The Gates Foundation’s Measures of Effective Teaching (MET) project produced two culminating reports last year at a cost of f o r t y – f i v e m i l l i o n d o l l a r s. The goal was to test the evaluation of teachers by students and by “value”-“added” “metrics” (VAMs) and to promote the use of these evaluations combined with each other and with classroom observations (called composites when taken together in equal measure). The reports were the object of a careful and thorough demolition by Professors Jesse Rothstein of Cal Berkeley and William J Mathis of the University of Colorado. Allow me to conduct you briefly through the ruins.
• “[T]eachers whose prior year classrooms were especially high- or low-achieving were not included,” which means that the recommendation of a comprehensive policy rests on the findings of a non-comprehensive study.
• “Among the MET districts, the fraction of students who actually were taught by the teacher to whom they were randomly assigned ranged from about one-quarter to two-thirds,” which means that teachers’ VAMs were often based on the scores of students other than the ones they were assigned in the study.
• The study “presumes a single ‘general’ teaching quality factor” whose existence is questionable (see my posting on The Phantom VAMs), which means that VAM-based evaluation may be like that new set of clothes for the emperor.
• “The reports do not consider the substantial qualitative literature that considers teaching as a multidimensional enterprise that serves a variety of purposes beyond test-score improvement,” which means that it is as worthless to rely solely on measurement to determine teachers’ quality as it would be to rate the pictures in the Louvre using a scorecard.
• “[A]lternative, more conceptually demanding tests, which appear to capture an additional dimension of teacher effectiveness that is not measured by the regular state tests,” showed a correlation of 0.25 or less with results on the “composites.” This leads Rothstein and Mathis to warn that “[t]here is evidently a dimension of effectiveness that affects the conceptually demanding tests that is not well captured by any of the measures examined by the MET project.” Read Melville’s “The Whiteness of the Whale” and answer these questions: 1. Moby-Dick is A. white B. pink C. puce D. chartreuse E. black. 2. Whiteness is A. ambiguous B. troublesome C. horrifying D. polysemic E. mighty fine.
The critics’ conclusions:
• “There is no statistical procedure that can decide which dimensions should count more in teacher evaluations; that decision must be left to subjective judgments.”

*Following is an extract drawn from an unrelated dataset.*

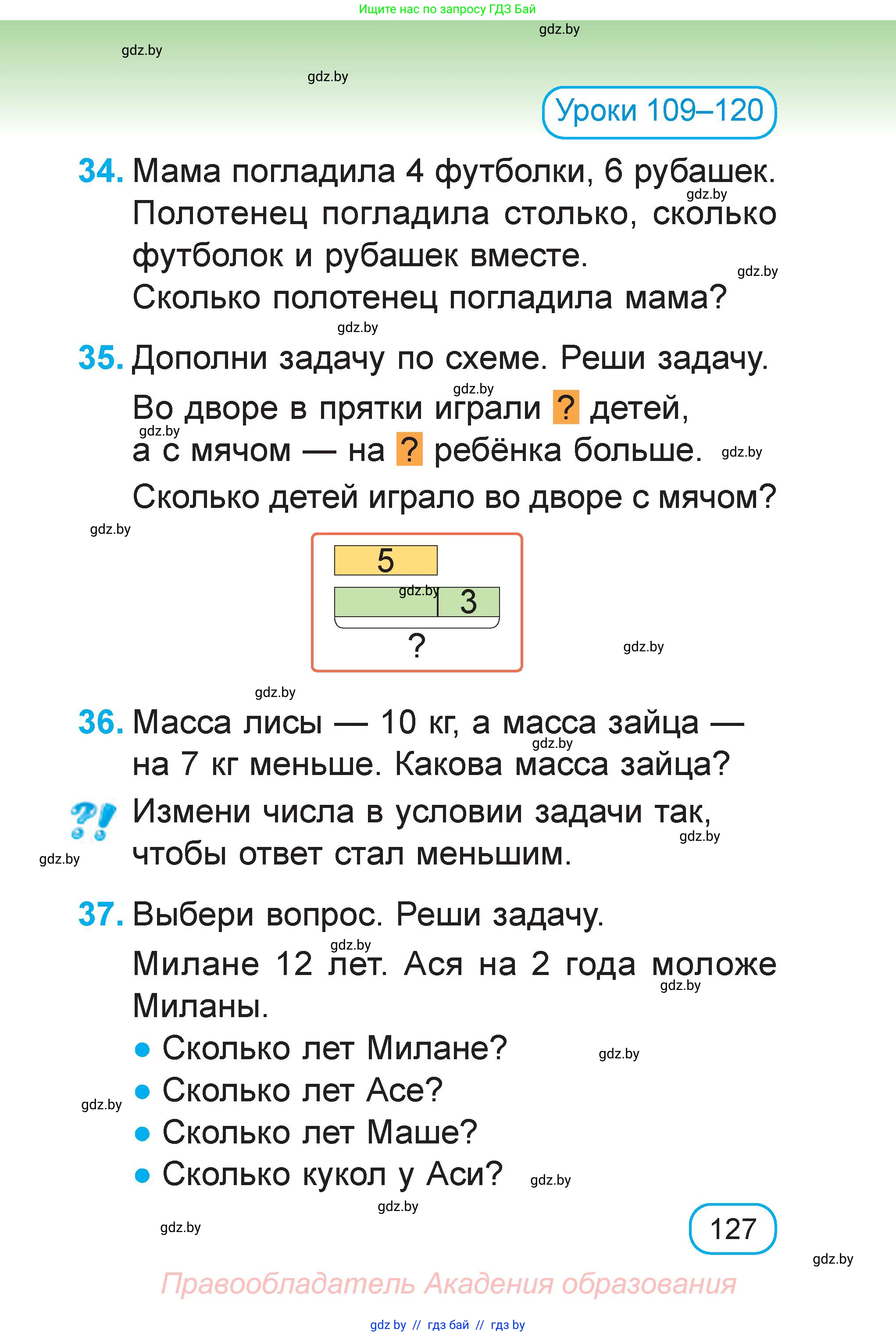 Математика, 1 класс Учебник, авторы: Муравьева Галина Леонидовна, Урбан Мария Анатольевна, издательство Академия образования, Минск, 2024, Часть 2, страница 127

• “[S]ome of the dimensions of effectiveness—those measured by student performance on alternative, open-response (i.e., not multiple choice) tests designed to capture higher-order thinking—are not at all well measured by the standardized measures that were the focus of the MET research.” [emphasis added]
• An evaluation system based on the MET measures “will likely discourage teachers from putting their efforts towards the kinds of learning that the alternative tests measure—in this case, higher-order, conceptual thinking.”
• “There are a number of ways for a teacher to influence her VA score other than through actually becoming more effective: She can arrange to be assigned a different set of students; she can reduce the amount of class time that she devotes to non-tested subjects (e.g., history) in order to allocate more time to the subjects covered by the tests; she can teach test-taking skills in place of substantive knowledge; and she can try to rally students to give their best effort on a test which is usually, from the student’s perspective, entirely meaningless.”
And do bonuses for good scores result in good scores? Rothstein and Mathis note that experimental analysis of “pay-for-performance” programs in the U.S. shows that “teachers eligible for bonuses do not produce higher value-added scores—let alone better teaching along other dimensions—than do control-group teachers who are ineligible for bonuses.”
A friend of mine has done some research, not yet published, that casts another shadow over the use of one of the MET “composites.” It reveals that university students often throw their “ratings” of teachers in favor of those who give light work and against those who make difficult or troublesome demands of them. The problem is that improvement in critical thinking has been shown to coincide with taking reading- and writing-intensive courses and studying under teachers with high expectations.
Not that the students themselves are always good judges of their own proficiency. My friend’s data show that more than half of the students surveyed think themselves proficient at reading scholarly work, but their teachers are almost unanimous in claiming that they do not possess this power. And what do these same students think is an unreasonable expectation of work assigned? The unpublished results say that 90% of them find 40 – 50 pages a week for a 3-credit university course “too much reading.” It is a sorry reflection on their expectations that some Cliff’s Notes would be counted as excessive reading, and it is a sorry reflection on the abdication of sound judgment by the Ed Biz to realize that these same students’ ratings contribute at some schools and universities to corrupted decision-making about their teachers’ continuing to work.